Gene expression analysis
Cell clusters are defined using gene expression information only, on
M0_1 and M0_2 separately. UMI count normalisation is calculated as for
scRNA-seq datasets with Seurat v4.0.6. Highly variable genes are
selected using FindVariableFeatures function from with method = vst and
nfeatures = 5000. PCA is performed on the set of highly variable genes
using RunPCA function with default parameters. The first 30 PCs are
used to compute a Shared Nearest Neighbours graph via the FindNeighbors
function, then FindClusters function is used to cluster the cells,
using the SLM algorithm with resolution ranging between 0.2 and 1.2 in
steps of 0.1. A silhouette width is calculated for each clustering
solution on the Euclidean distance matrix computed on the same input
used for clustering.
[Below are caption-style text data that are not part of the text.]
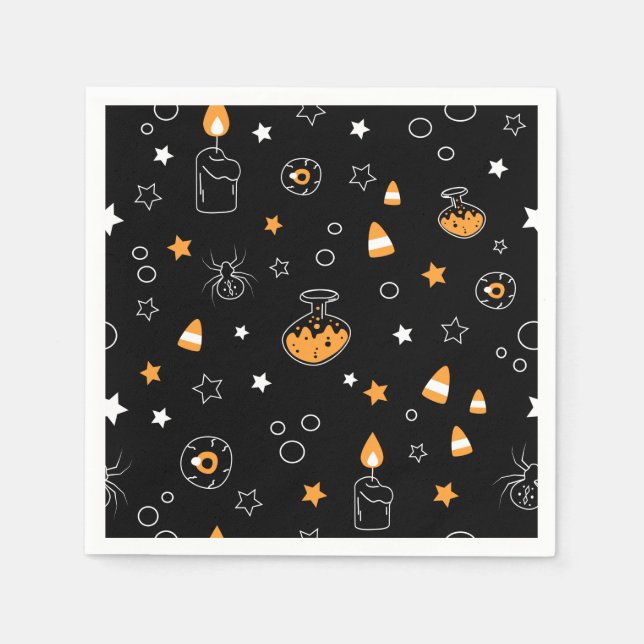 halloween orange Schwarz-weiß Serviette (Vorderseite)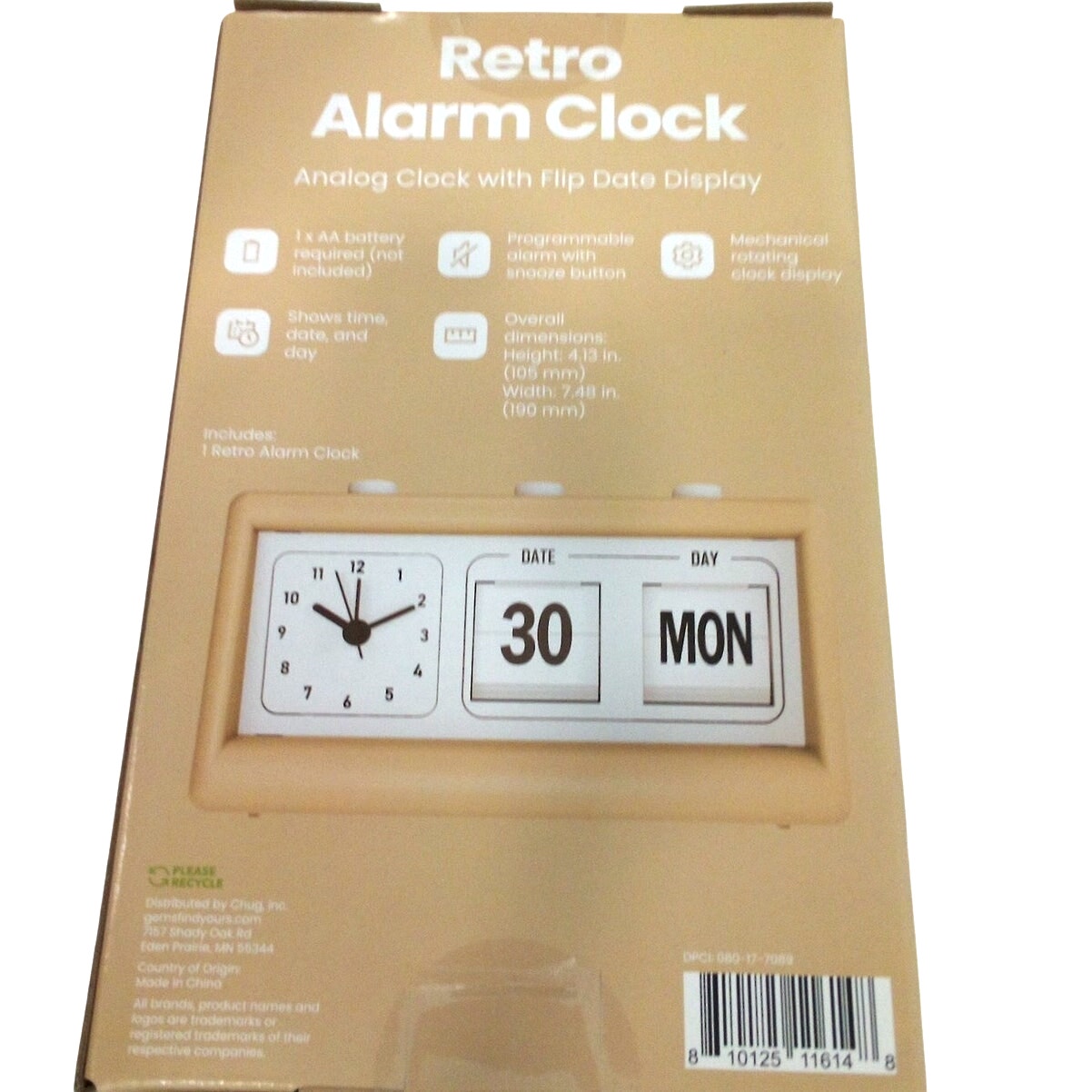 GEMS Retro Analog Alarm Clock – Beige – Flip Date/Day – 7.48 in W × 4.13 in H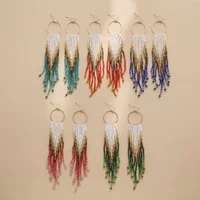 Bohemia Rice bead earrings Colour Long tassels Hand weaving Personality Ethnic style Retro Versatile Simplicity Beaded earrings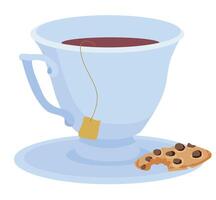 White porcelain cup with tea and bitten cookie on saucer. illustration. vector
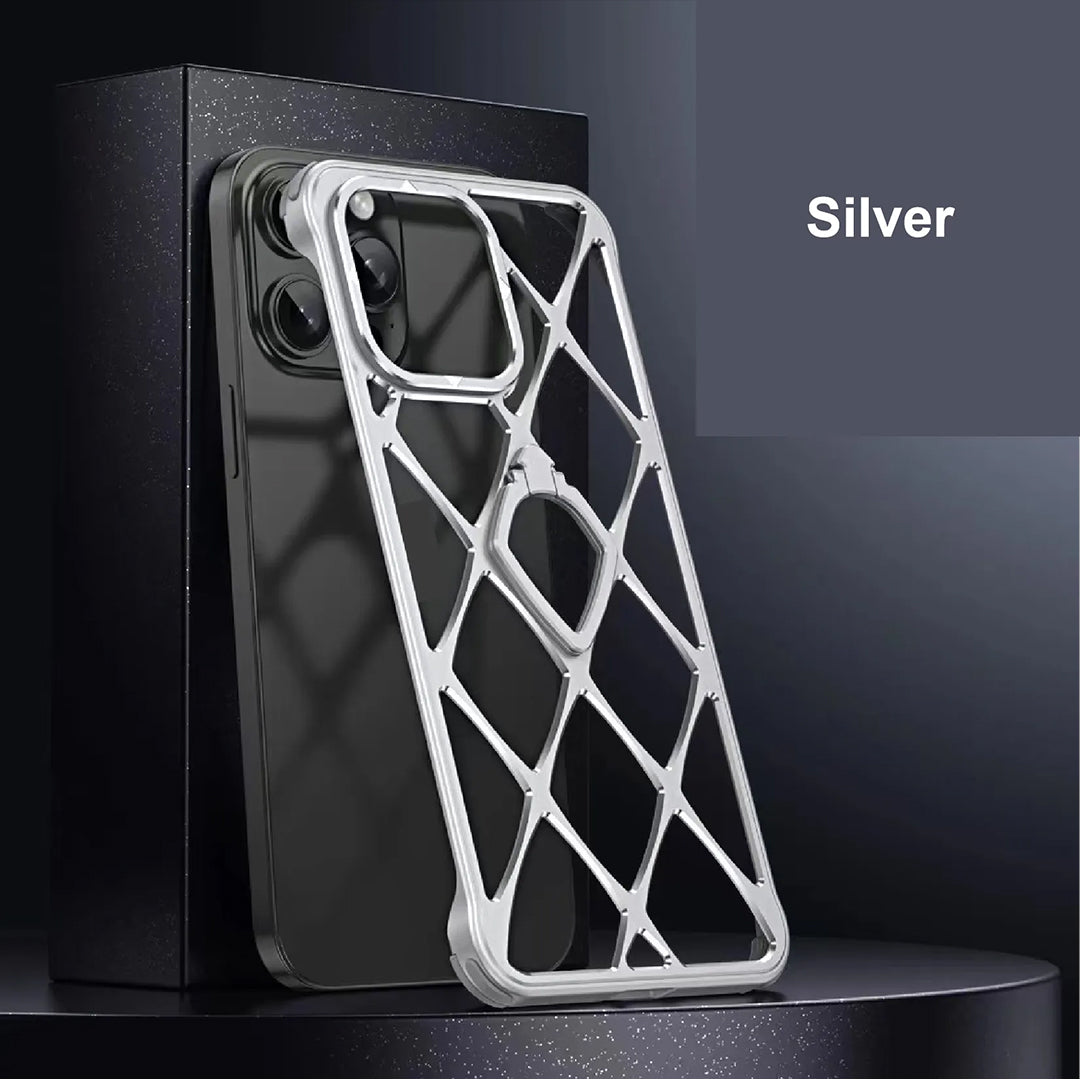 Alloy Diamond Grid Invisible Bracket iPhone Case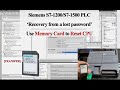 SC03 Use A Memory Card To Reset A Siemens PLC With Password S7 1200 S7 1500 CPU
Subpopulations S1, S2, and S3 in the two
replicates are detected by matching the clusters to T0 and T1 using the
sharedness score (see section “Computation of clone sharedness and
detection of cell subpopulations”). The selected resolution value is
the one that maximises the average silhouette width while keeping the
three subpopulations distinct. We select resolution 0.4 and 0.6 for
M0_1 and M0_2, respectively, and obtain 7 and 6 clusters. UMAP
projection is calculated using RunUMAP with default parameters on the
same input used for clustering. Cluster markers are extracted with the
Wilcoxon rank-sum test implemented in FindAllMarkers function using
default parameters. Differentially expresseSingle-cell RNA-seq data
analysis (SUM159PT)”. Subpopulation gene signatures are defined as for
the scRNA-seq samples.
Chromatin accessibility analysis—data preprocessing
The region-cell count matrices, where regions are ATAC peaks and
entries are fragment counts, are processed as follows. Raw fragment
counts are normalised using term frequency-inverse document frequency
(TF-IDF), which assigns higher importance to highly cell-specific
regions. The active regions (fragment count ≥ 1) in at least ten cells
are selected using the FindTopFeatures function from Signac
v1.7.0^[377]91. Latent semantic indexing (LSI) is applied to reduce the
dimensionality of the dataset. We compute 50 LSI dimensions. We keep
dimensions from 2 to 50, as dimension 1 shows a positive correlation
with sequencing depth. UMAP projection is calculated on the same LSI
space, using default parameters.
We define pairs of regions associated with the same transposition event
between replicates as those lying at a distance ≤ d on the genome.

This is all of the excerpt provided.